Avatar of Yancy Micel Alegre-Pacheco
Opinion Column

Born and raised in the Bay Area, this environment is all I really know. I’ve never experienced somewhere outside of California consciously; I was only a child when I went to visit Honduras to see family. My father is an Oakland native, second generation, and my mother makes our (my siblings and I) generation the first. I was always aware that there were differences between people, but it wasn’t until I was around 11 years old that I realized people judge me based on how I look rather than how I present myself. I lived in blissful ignorance.

I’d ask my parents what I am and they give me one word: American. Yet I don’t feel like an American sometimes. I know I legally am one, and oftentimes I’m proud of myself for not being British, but in my bones I feel as though I don’t necessarily fit the stereotype.

The other day, someone asked me where I was from. I was sitting at a bar with my aunt and sister, drinking some of the smoothest hot chocolate I could have ever imagined. It was raining outside and we initially entered with the intent of fleeing from the wetness of San Francisco, as well as to get some of their famous Carrot Cake. The question was innocent enough, and oddly enough he was also the owner of the bar. I answered “Here, San Francisco!” An awkward pause ensued for about 5 seconds before he asked where I’m from “culturally.” Being mixed, I answered in a series of percentages, I said something along the lines of, “I’m half Honduran and half Filipino” and the night continued. The thing that left a mark on me was the way he asked. He was a sweet older gentleman, and towards the end of the evening he gave us free t-shirts.
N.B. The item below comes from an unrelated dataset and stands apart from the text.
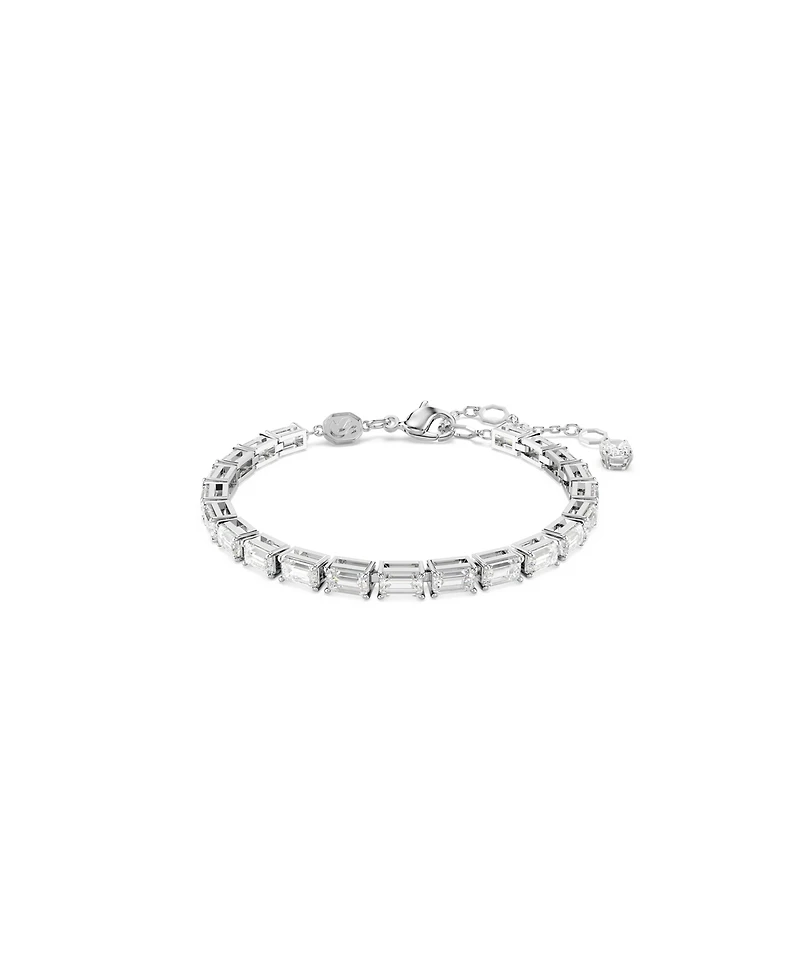 Swarovski Matrix Baguette Cut White Rhodium Plated Tennis Bracelet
Something I always keep is a checklist of is how people ask me my ethnicity. Most of the time people ask me if I’m Mexican, and I simply respond with a “No, I’m Honduran,” and the following question or statement is something in the fashion of “Where is that?” or “Oh okay yeah!” I know that in reality they don’t really care enough to actually want to see it be pointed out on a map, they just wanted to see if their guess of my ethnicity is in the ballpark of what I actually am.

I’m also Filipino, but I don’t think I’ve ever been recognized as one. I don’t have any defining features that would make me stand out as a Filipina. I, as my cousins and sister put it, am “the most mixed” because I guess I don’t have any striking Honduran features either. I don’t have the nose bridge on my mom’s side, and I don’t have the non-existent nose bridge that my dad’s side has, I have a mixed nose. The only way I know I wasn’t switched at birth is because of my mom’s eyebrows that I’ve inherited. But having amazing food at every family event comes at a price, and this is the price I would pay to have the blood that I do.